TASAVVUF TARİHİ


Tasavvufun kaynağı ve dayanağı Kur'ân-ı Kerîm ve sünnet-i seniyyedir. Kur'ân-ı Kerîm'de zikredilen murakabe, muhasebe, tevbe, inâbe (Allah'a dönme), muhabbet, tevekkül, rıza, teslimiyet, zühd, sabır, îsâr (başkasını kendisine tercih etme), sıdk (doğruluk), mücâhede, nefse ve hevâya muhalefet etmek ve diğer makam ve haller, tasavvufun konuları ve meseleleri arasındadır.

Ayrıca tasavvuf, Hazreti Ömer'in radıyallahu anh rivayet ettiği "Cibril hadisinde" zikredilen ve dinin üç esasından biri olan ihsan makamına erme yoludur. Sahâbe-i kirâm [radıyallahu anhum], Cibril hadisinde geçen ve İslâm'ın hem zâhirine hem bâtınına işaret eden hususları Resûlullah sallallahu aleyhi vesellemden dinleyip kabul ettiler, onunla amel edip kendilerinden sonra gelenlere de öğrettiler.

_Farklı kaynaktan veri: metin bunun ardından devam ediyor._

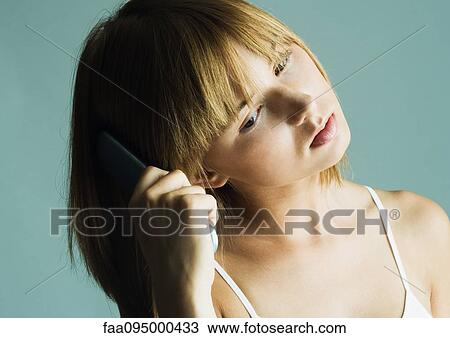 Young woman brushing hair View Large Photo Image Stock Image - Young woman brushing hair. Fotosearch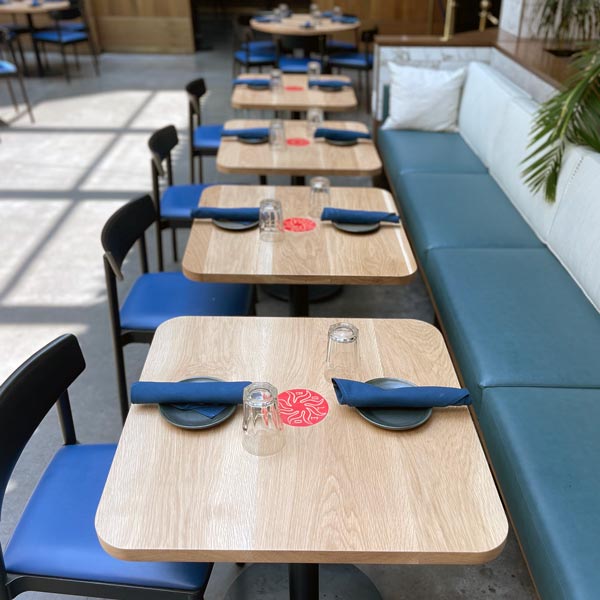 Custom two top White Oak tables for Chicago Hotel restaurant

Tâbiînin (rahmetullahi aleyhim), yani bir sonraki neslin sahâbîlerle (radıyallahu anhum) olan hali, sahâbîlerin Peygamber Efendimiz sallallahu aleyhi vesellem ile olan hali gibiydi. Onlardan sonra gelen tebeu't-tâbiînin (rahmetullahi aleyhim) hali de böyle oldu. Günümüze kadar da böyle süregeldi.

Hicri birinci asırda İslâm'ın bâtinî yani insanın kalp âlemi ile ilgili boyutunu konu alan tasavvuf ilminin tedvin edilmesine (kaleme alınmasına) ihtiyaç duyulmadı. Çünkü bu asrın Müslümanları, Allah Resûlü sallallahu aleyhi vesellem ile irtibatları yakın olduğu için tabiatları gereği takva ve verâ ehli, mücâhede erbabı, ibadete muhabbetle yönelen kimselerdi. Onlar, Resûl-i Ekrem sallallahu aleyhi veselleme tabi olma hususunda birbirleriyle yarış ve rekabet içerisindeydi. Dolayısıyla onları tasavvufu başlı başına bir ilim olarak tedvin etmeye sevk edecek bir sebep yoktu. Çünkü bunu fiilen yapıyorlardı.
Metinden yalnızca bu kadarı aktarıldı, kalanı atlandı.